Ahhh I've made this mistake before. You can't test every input/output while also losing the ability to accurately depict stateful user flows. Even Fintech projects I've worked on at the >£10Bn daily volume mark combining formal methods, mathematical proofs, property based tests, fuzzing, model based testing, etc.. still caught issues pre-production via good old end-to-end tests.

Good luck nubank :)

alex-freire · on Sept 25, 2021

thank you

exdsq · on Sept 25, 2021

I'll be interested to see how it goes, will you follow up with a blog post in a couple months?

mjul · on Sept 24, 2021

In summary they noticed that their e2e suite mostly caught integration errors where clients and servers had incompatible schemas for the data exchange.

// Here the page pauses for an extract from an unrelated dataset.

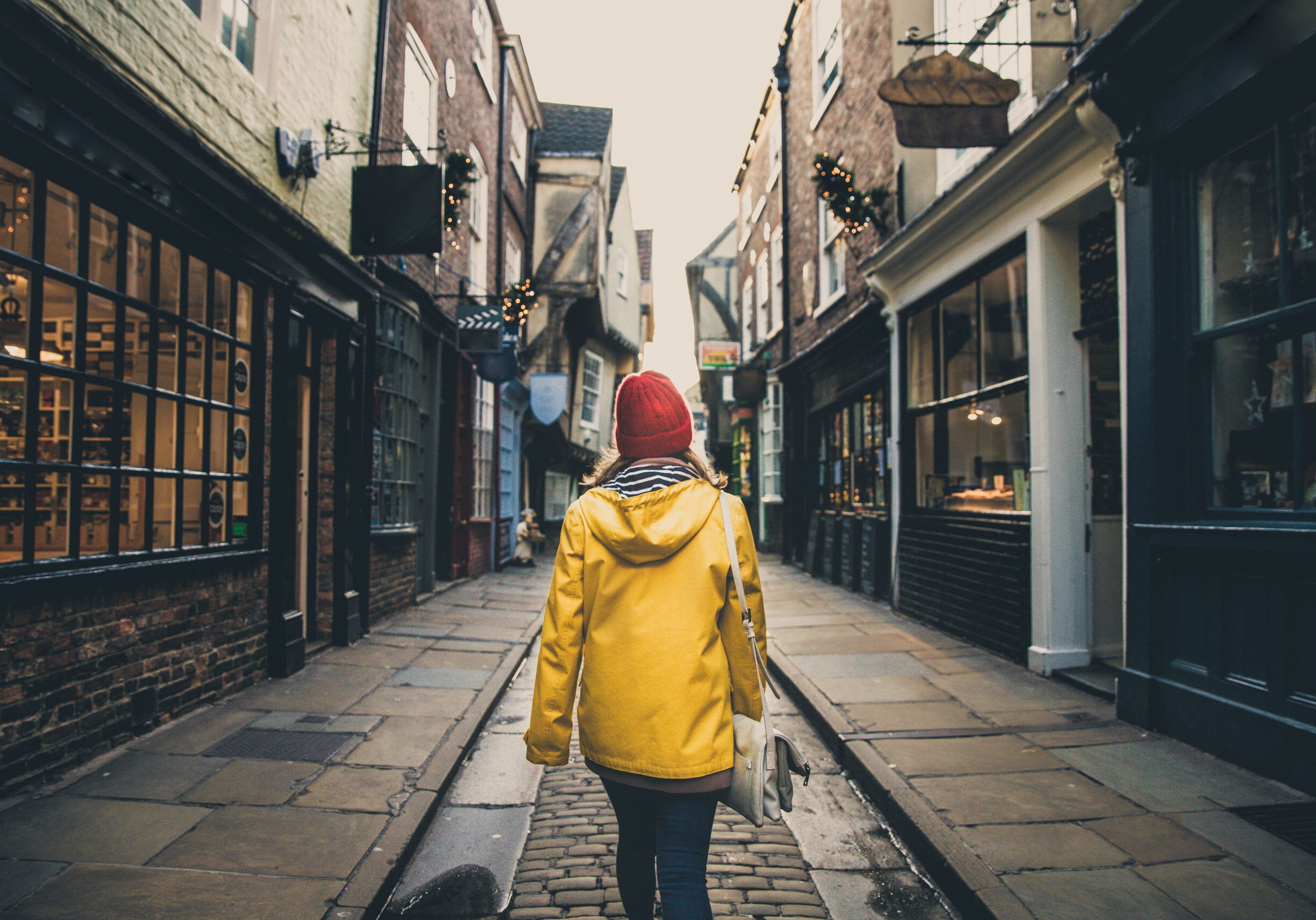 A rear view of a female in a bright yellow coat walking along the historic street known as The Shambles in York, UK which is a popular tourist destination in this Yorkshire city.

The novelty is that they found a much faster way to identify this kind of errors by collecting and comparing the client and server side schemas statically without even running the code.

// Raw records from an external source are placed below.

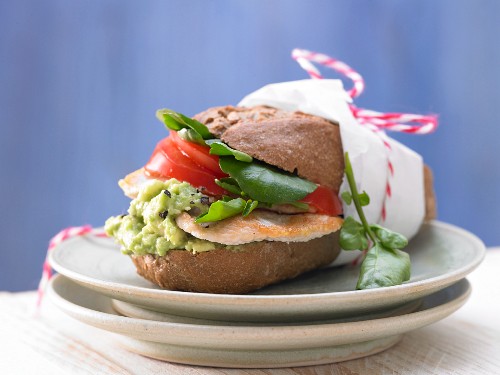 A turkey sandwich with avocado cream, watercress and tomato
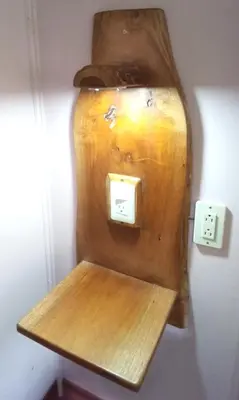 a wooden shelf attached to a wall with an outlet at Forest Garden House in Monteverde Costa Rica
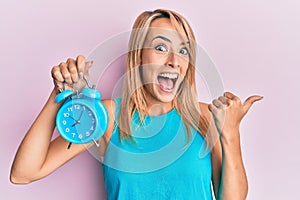 Beautiful blonde woman holding alarm clock pointing thumb up to the side smiling happy with open mouth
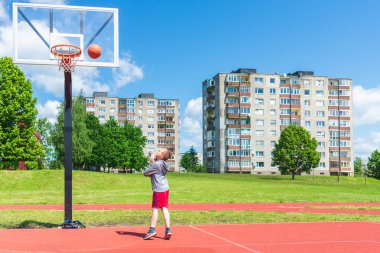 Oyun sahasında basketbol oynayan neşeli genç bir çocuk. Çocuk yaz günü oyun sahasında Red Court maçında atış yapıyor. Güneşli şehir günü..
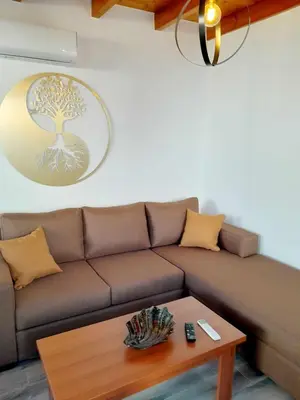 a living room with a brown couch and a table at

This is a great optimisation, but it did not remove all defects so they still need to define tests that validate actual application behaviour against the business rules.

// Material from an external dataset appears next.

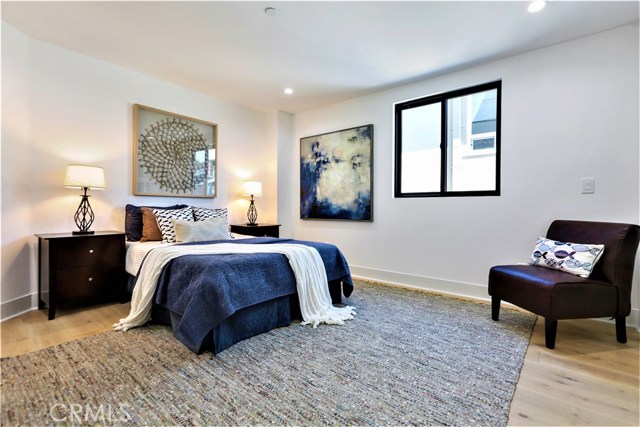 The 4th Bedroom has Can Lighting, a Large Closet with Built-ins, a Glass Panel Closet Door, Large Windows and Large Casing and Molding.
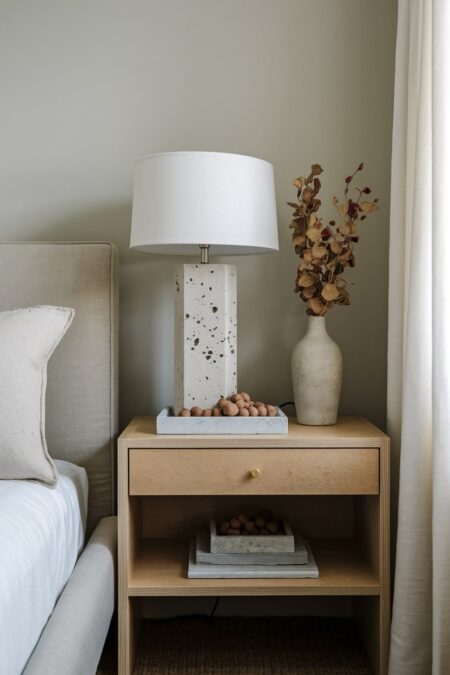 earthy bedroom with a travertine table lamp base and unglazed ceramic vase holding dried foliage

alex-freire · on Sept 25, 2021

well put! thanks for the great summary.

liuliu · on Sept 24, 2021

I am not the typical guy who is going to preach e2e testing when I am in big tech companies. But let's not confuse what e2e tests (or I'd like to call it, integration tests) can do.

I love property-based testing, especially with these new frameworks now does coverage-guided fuzzing too. However, it only guarantees the "contract" (or "interface") at that level. For property-based testing (or contract testing this article calls) today, it is still very much to only validate the property holds true, not to exhaust all the edge cases. To give an example, a property-based testing validates function: "add(x, y) == add(y, x), given x in Int32 range", it doesn't validate edges cases what if you call "add" twice, 3 times, from different threads etc.

At the end of the day, it would be hard for the property-based testing to validate your component satisfy Liskov substitution principle.

Integration testing on the other hand, makes sure your system worked at integrated level. It doesn't enforce Liskov substitution principle too. However, if you have downstream components depend on your implementations (for example, there is an earlier callsite called a function before, second call must be cached), update the upstream and run integration testing makes that implicit assumption apparent.

So, that's where I am arriving at. Without a powerful language that can encode all contract at programming level, relying on property-based testing only at components level cannot maintain substitution invariant. Integration testing is required.

corpMaverick · on Sept 24, 2021

Don't do comprehensive E2E tests. Have a small set of E2E tests to verify the most critical functionality is working. Don't verify every single business rule. There are other techniques that help you reduce risk:

- Good unit and integration tests.

- Effective Monitoring and alerting.

- Canary releases or Blue/Green releases.

- Continuous integration.

- Continuous delivery.

- Ability to safely rollback the more recent release.

jniedrauer · on Sept 24, 2021

I have experienced all the same problems that they outline. E2E tests require a huge number of human-hours to maintain, they're difficult to debug when they fail, almost always false positives, and bugs still get through anyway. But for many situations, there doesn't seem to be a better solution.

For most early stage startups, it seems that time would be better spent optimizing your deployments, rollbacks, and real time metrics so you can maintain a high velocity and roll back quickly when you make a mistake.

For more safety critical systems, the cost of maintaining E2E tests needs to be built into the total engineering cost for the project. It's a hidden cost that is often way bigger than you'd expect.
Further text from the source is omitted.